GOAL OF THE EXERCISE -
Copy out exactly the stretch below, from the line with "Vibrant Dahlia Flowers" through the line with "Papier Cadeau Motif", both included; the pictures stay out.

DATA RECORDS -
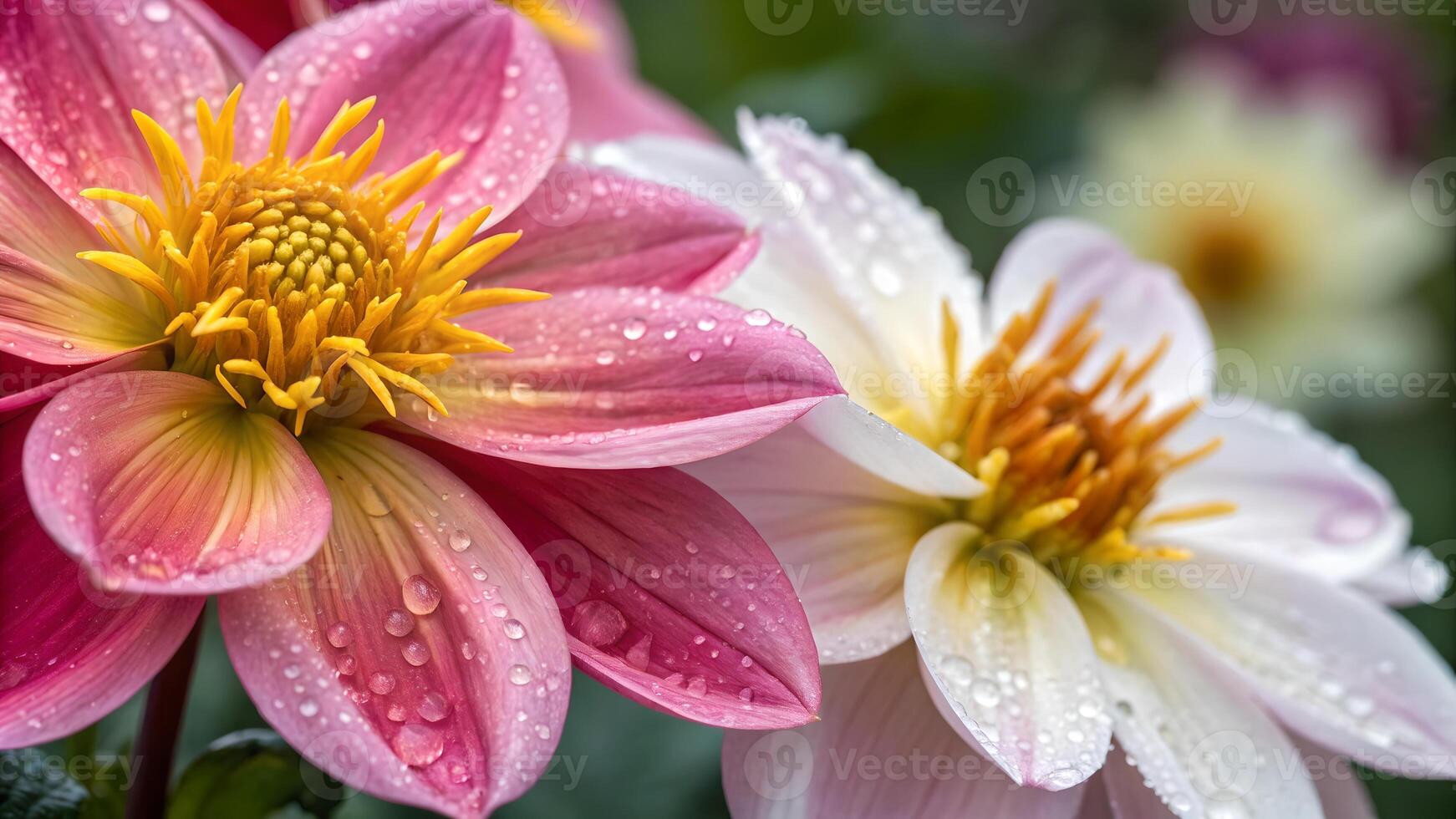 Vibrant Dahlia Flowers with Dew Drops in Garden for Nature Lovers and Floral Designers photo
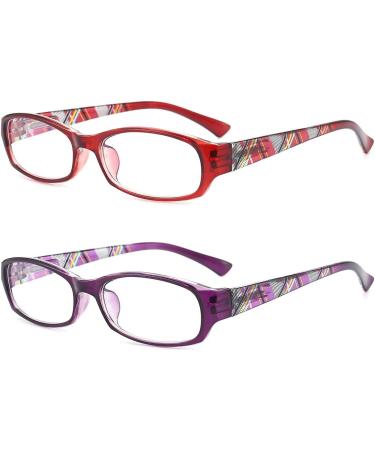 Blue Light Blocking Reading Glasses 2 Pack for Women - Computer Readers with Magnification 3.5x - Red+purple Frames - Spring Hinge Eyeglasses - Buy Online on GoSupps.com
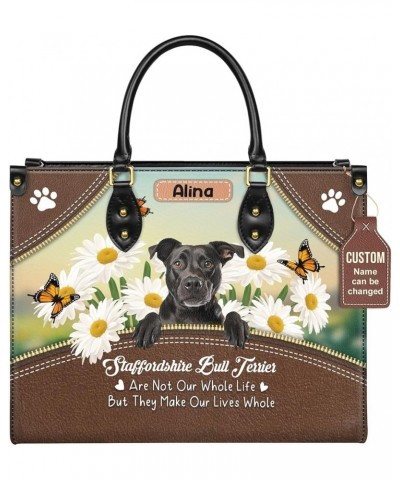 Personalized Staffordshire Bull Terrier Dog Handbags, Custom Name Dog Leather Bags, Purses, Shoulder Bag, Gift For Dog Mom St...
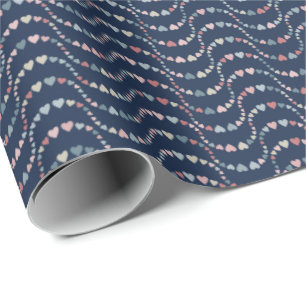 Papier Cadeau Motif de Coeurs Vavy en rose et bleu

...

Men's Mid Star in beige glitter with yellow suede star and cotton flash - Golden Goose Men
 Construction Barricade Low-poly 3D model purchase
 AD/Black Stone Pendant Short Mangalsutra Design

YOUR SOLUTION -
 Vibrant Dahlia Flowers with Dew Drops in Garden for Nature Lovers and Floral Designers photo
 Blue Light Blocking Reading Glasses 2 Pack for Women - Computer Readers with Magnification 3.5x - Red+purple Frames - Spring Hinge Eyeglasses - Buy Online on GoSupps.com
 Personalized Staffordshire Bull Terrier Dog Handbags, Custom Name Dog Leather Bags, Purses, Shoulder Bag, Gift For Dog Mom St...
 Papier Cadeau Motif de Coeurs Vavy en rose et bleu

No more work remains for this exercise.